• REQUIRED WORK
Your task is to retype, exactly, the line containing "moderno francotirador rifle" and every later line through the end of the listing, with pictures omitted.

□ □ □

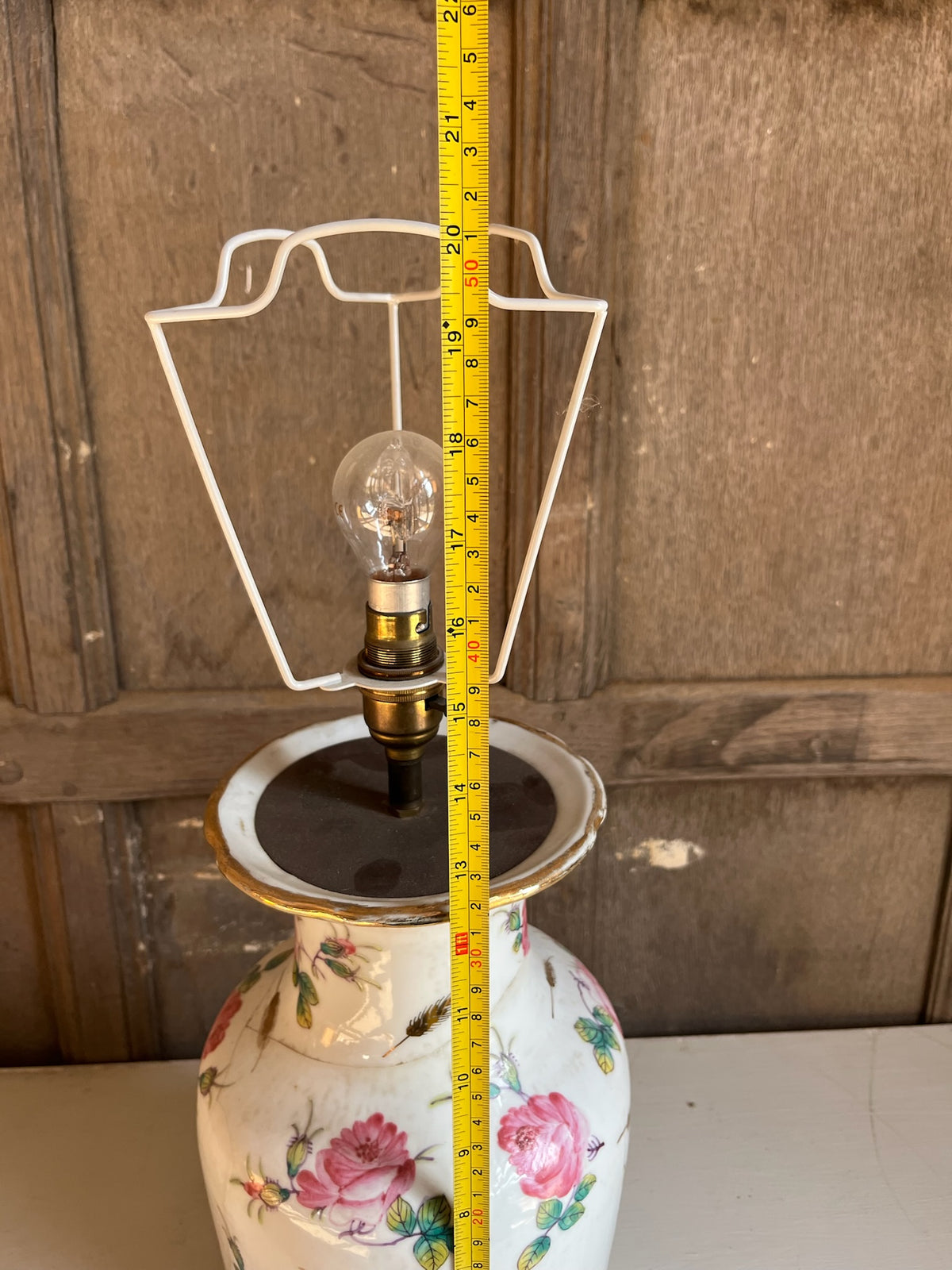 Floral Rose Ceramic Table Lamp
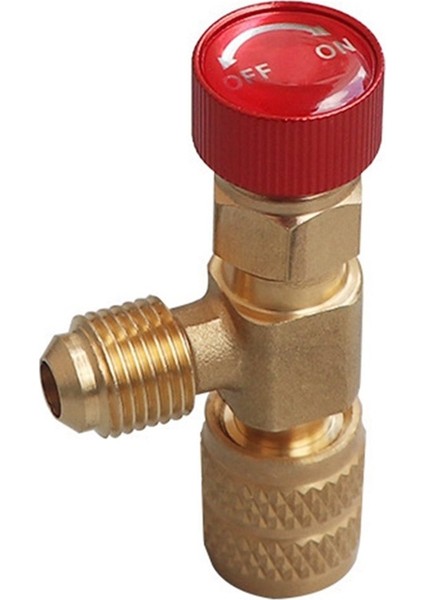 2x R410 Ac Valf 1/4 Inç Dolgu Bağlantısı A/c Soğutucu Vana Klima Onarımı ve Florür Güvenlik Adaptörü C (Yurt Dışından) modelleri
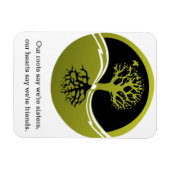 私たちのハートは私たちは友達だと言う マグネット (横)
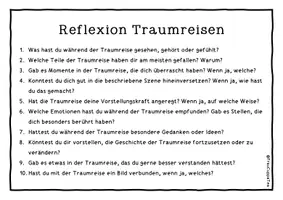 Vorschau - Arbeitsblätter - Traumreise Reflexion (Kärtchen, Arbeitsblätter, Tafelbilder) FrauCuppaTea - Seite 3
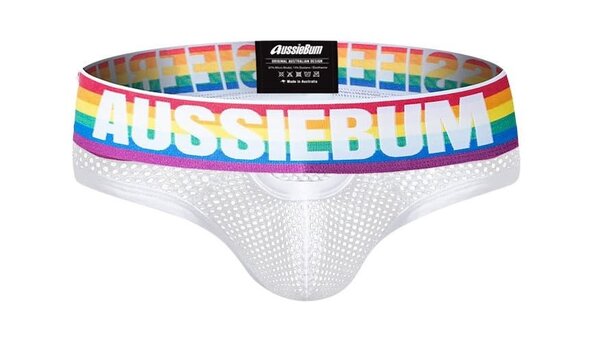 AUSSIEBUM AUSSIEBUM PRIDE MESH BRIEFS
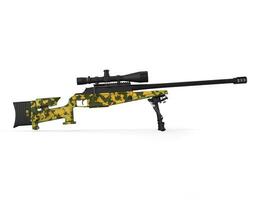 moderno francotirador rifle - verde camuflaje modelo - lado ver foto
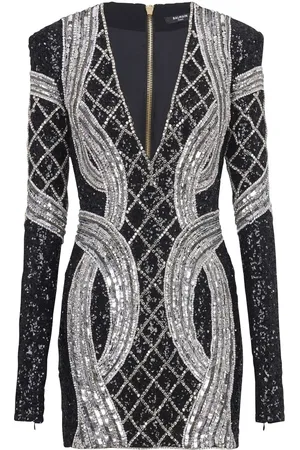 Balmain Vestido bordado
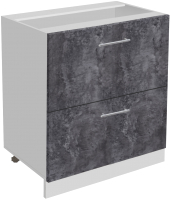 Шкаф-стол кухонный Артём-Мебель 800мм СН-114.17-Ш (ДСП бетон спаркс) - 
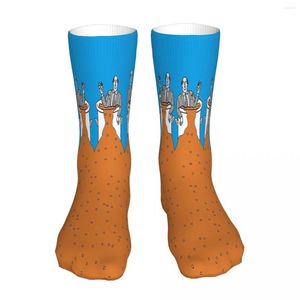 Chaussettes pour hommes The Office Kevin's Famous Chilli Sock Hommes Femmes Bas en polyester Personnalisable Sweetshirt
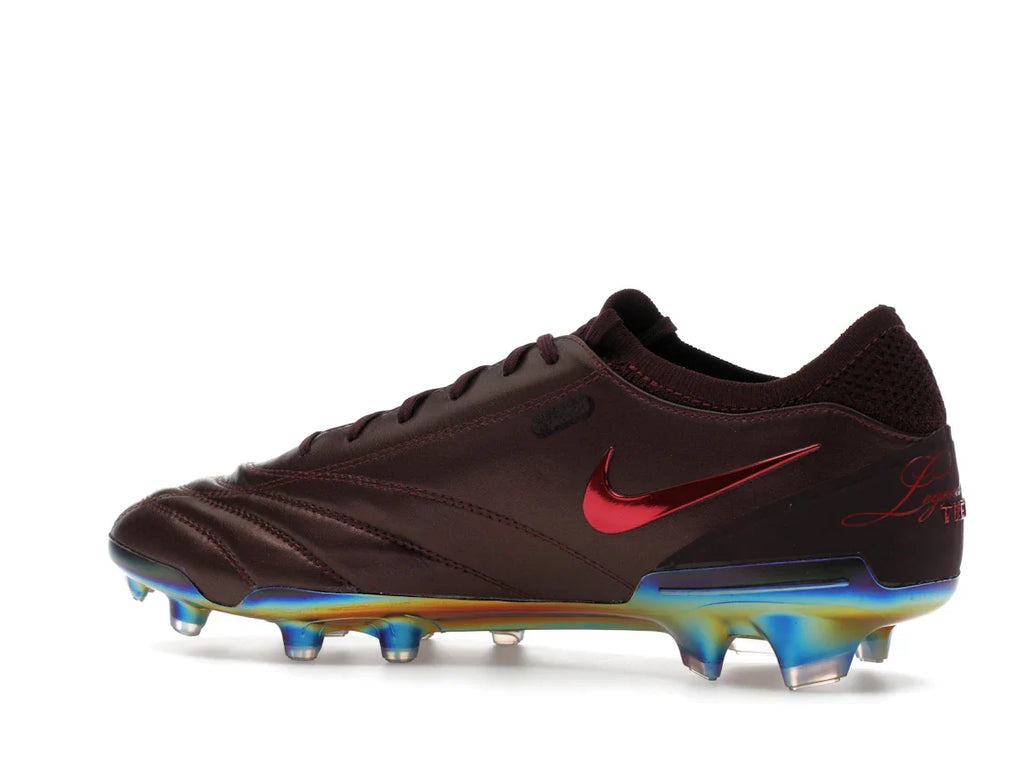Nike Tiempo Legend 10 Elite Luxe FG Montebelluna Leder Portwein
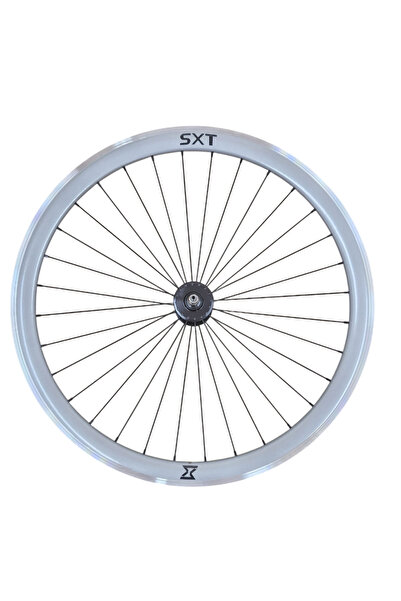 SXT Bicicletă fixie Roata Fata Single Speed ​​700-32H 40 mm argintie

□ □ □

• RESULT OF THIS TASK
 moderno francotirador rifle - verde camuflaje modelo - lado ver foto
 Balmain Vestido bordado
 Шкаф-стол кухонный Артём-Мебель 800мм СН-114.17-Ш (ДСП бетон спаркс) - 
 Chaussettes pour hommes The Office Kevin's Famous Chilli Sock Hommes Femmes Bas en polyester Personnalisable Sweetshirt
Nike Tiempo Legend 10 Elite Luxe FG Montebelluna Leder Portwein
 SXT Bicicletă fixie Roata Fata Single Speed ​​700-32H 40 mm argintie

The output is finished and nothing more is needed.